**Work instructions**:
Write down exactly the lines from the one with "Şişli Kaptanpaşa Yeni" to the end of the data, first and last included, and no others.

**Information provided**:
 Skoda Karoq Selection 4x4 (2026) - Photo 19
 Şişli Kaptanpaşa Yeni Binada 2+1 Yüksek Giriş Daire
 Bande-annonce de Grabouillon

**Written response**:
 Şişli Kaptanpaşa Yeni Binada 2+1 Yüksek Giriş Daire
 Bande-annonce de Grabouillon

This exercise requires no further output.